Vendôme | Le Verdict est tombé, pour le quadragénaire récidiviste: 6 ans de prison pour le viol d’une jeune fille

MAJ 05/05/17

Le Verdict est tombé, 6 ans de prison pour le viol d’une jeune fille.


Article du 04/05/17

Vendôme | Un quadragénaire récidiviste jugé pour le viol de celle qui l’appelait ” papa “

Le procès d’un quadragénaire, accusé d’avoir violé une mineure il y a environ quatre ans, s’est ouvert, hier, devant la cour d’assises de Loir-et-Cher.

A la barre, l’accusé ne cesse de se passer la main sur le visage, de placer son pouce et son index entre ses yeux, de part et d’autre de son nez.

La présidente de la cour d’assises, Isabelle Raimbaud-Wintherlig, procède, le premier après-midi du procès du Vendômois soupçonné de viol, à une « mise au point » en matière de vocabulaire.

Lorsque le quadragénaire assure, mercredi 3 mai, n’avoir pas violé la jeune femme assise derrière lui dans la salle d’audience, cela signifie-t-il qu’il ne l’a pas pénétrée – contrairement à ce qu’il avait déclaré à la police lors de ses auditions – qu’il ne prend pas la mesure de l’acte qu’il a commis ?
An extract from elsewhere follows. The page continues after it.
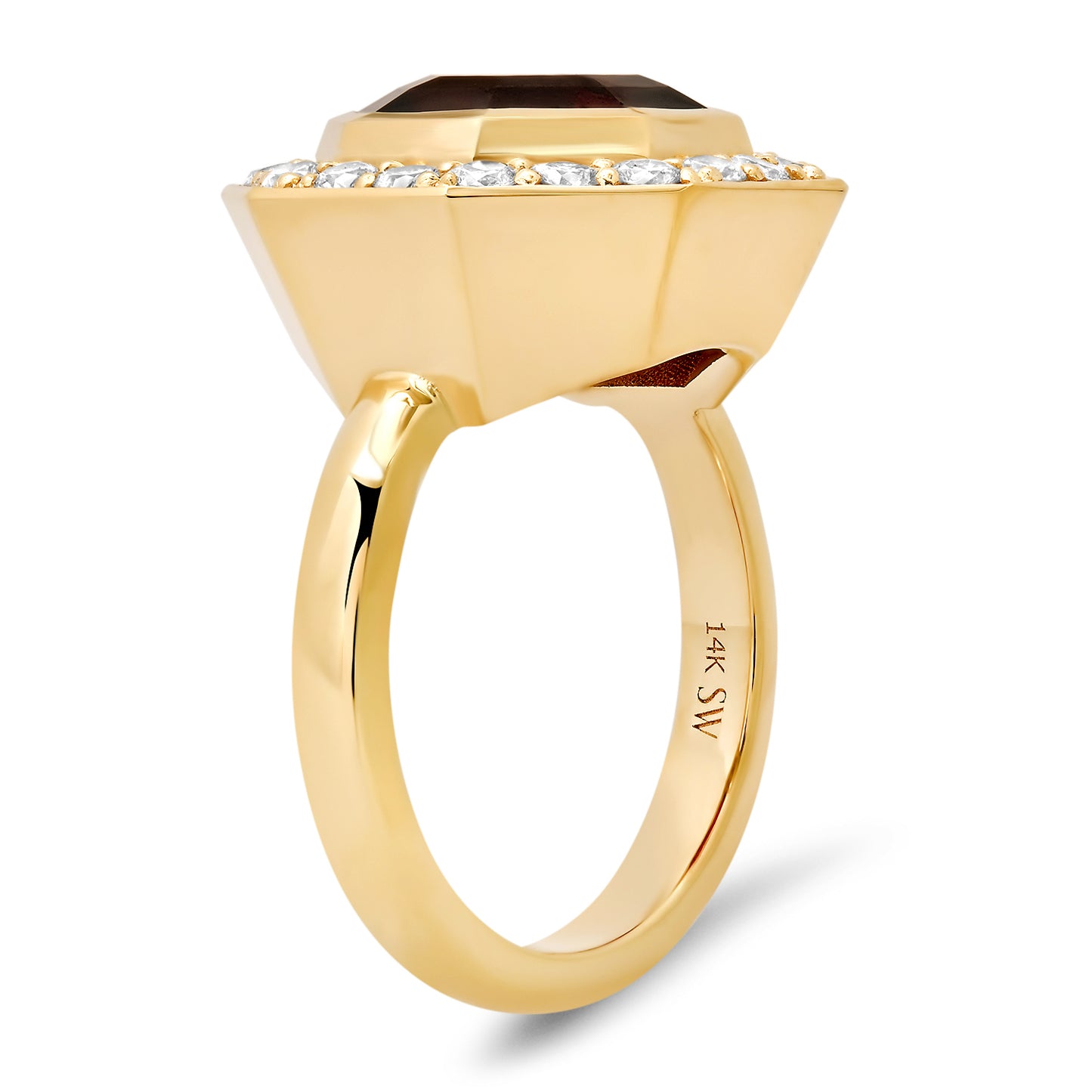 Sig Ward Jewelry 14K YG Garnet and Diamond Bia Ring side view showcasing a rich garnet gemstone with sparkling diamond accents set in a luxurious yellow gold design.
L’accusé le répète à plusieurs reprises.

Ce jour-là, il y a un peu plus de quatre ans, dans son appartement vendômois, il n’a fait que donner à celle qu’il « appréciait comme [sa] fille » une « fessée cul nu », pour la punir de s’être mutilée.
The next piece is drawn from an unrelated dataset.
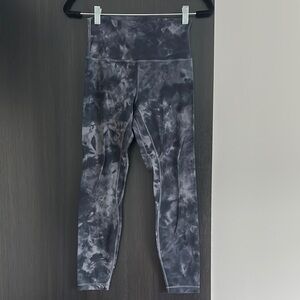 Lululemon Align High Rise Leggings, 25”, Tye Dye, Graphite Grey, Size 6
L’enquêteur ayant entendu le Loir-et-Chérien de 44 ans retrace – à la barre, à son tour – les faits, tels qu’ils lui avaient été relatés lors de la garde à vue.

Le mis en cause avait déclaré avoir rencontré la victime, née en 1996, en 2012.

A la date des événements, il aurait conduit l’adolescente dans sa chambre en la forçant « un peu ».

Puis il l’aurait pénétrée, alors qu’elle se trouvait allongée sur le ventre, qu’il lui bloquait les mains.

Il n’aurait pas considéré son geste comme un viol, ce terme s’appliquant selon lui à une pénétration anale, précise le policier.

Les questions, réitérées, de la cour, de l’avocate générale, Delphine Amacher, quant à ses trois versions des faits différentes, arrachent à l’accusé une phrase, en fin de journée.

Il est « dur d’avouer ce qui s’est passé », lâche-t-il, après avoir exprimé sa peur de la prison.

Il explique, finalement, avoir pénétré la jeune femme, avec ses doigts, seulement.

Cet homme est un père, que des rapports d’expertise qualifient d’impliqué.

Il affiche sa souffrance d’être coupé de ses deux enfants.

Séparé de la mère de ceux-ci au moment des faits pour lesquels il est jugé, le mis en cause accueillait des jeunes en difficultés, parfois en mal de logement.

Des précédents

C’est en hébergeant le petit ami de la victime qu’il aurait pu rencontrer cette dernière.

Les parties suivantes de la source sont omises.